Range to reproduce from the entries below: the line with "Cinturino Silicone Ricambio", the line with "Обложка для паспорта", and every line in between. Give them exactly and give nothing else.
(Records to process)
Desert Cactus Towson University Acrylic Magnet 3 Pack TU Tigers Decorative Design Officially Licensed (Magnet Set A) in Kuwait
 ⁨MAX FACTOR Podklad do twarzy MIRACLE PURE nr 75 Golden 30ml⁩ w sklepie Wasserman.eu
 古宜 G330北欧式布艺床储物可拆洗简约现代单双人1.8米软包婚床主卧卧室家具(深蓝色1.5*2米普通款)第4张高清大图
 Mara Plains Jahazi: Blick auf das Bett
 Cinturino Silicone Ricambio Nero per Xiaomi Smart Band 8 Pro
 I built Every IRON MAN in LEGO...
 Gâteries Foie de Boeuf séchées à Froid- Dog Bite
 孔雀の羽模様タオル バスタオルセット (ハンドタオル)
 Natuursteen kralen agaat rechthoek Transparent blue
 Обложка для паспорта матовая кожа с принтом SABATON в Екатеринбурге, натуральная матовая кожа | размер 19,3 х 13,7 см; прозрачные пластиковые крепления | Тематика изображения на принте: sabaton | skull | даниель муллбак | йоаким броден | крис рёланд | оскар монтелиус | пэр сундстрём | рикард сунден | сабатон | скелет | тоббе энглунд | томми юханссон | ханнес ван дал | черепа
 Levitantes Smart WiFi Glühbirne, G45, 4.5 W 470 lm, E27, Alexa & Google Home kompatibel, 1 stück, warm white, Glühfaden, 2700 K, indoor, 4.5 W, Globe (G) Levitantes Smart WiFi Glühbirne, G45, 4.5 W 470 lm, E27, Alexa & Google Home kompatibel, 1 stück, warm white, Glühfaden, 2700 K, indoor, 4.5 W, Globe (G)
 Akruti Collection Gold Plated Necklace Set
(End Records to process)
Solution to this problem:
 Cinturino Silicone Ricambio Nero per Xiaomi Smart Band 8 Pro
 I built Every IRON MAN in LEGO...
 Gâteries Foie de Boeuf séchées à Froid- Dog Bite
 孔雀の羽模様タオル バスタオルセット (ハンドタオル)
 Natuursteen kralen agaat rechthoek Transparent blue
 Обложка для паспорта матовая кожа с принтом SABATON в Екатеринбурге, натуральная матовая кожа | размер 19,3 х 13,7 см; прозрачные пластиковые крепления | Тематика изображения на принте: sabaton | skull | даниель муллбак | йоаким броден | крис рёланд | оскар монтелиус | пэр сундстрём | рикард сунден | сабатон | скелет | тоббе энглунд | томми юханссон | ханнес ван дал | черепа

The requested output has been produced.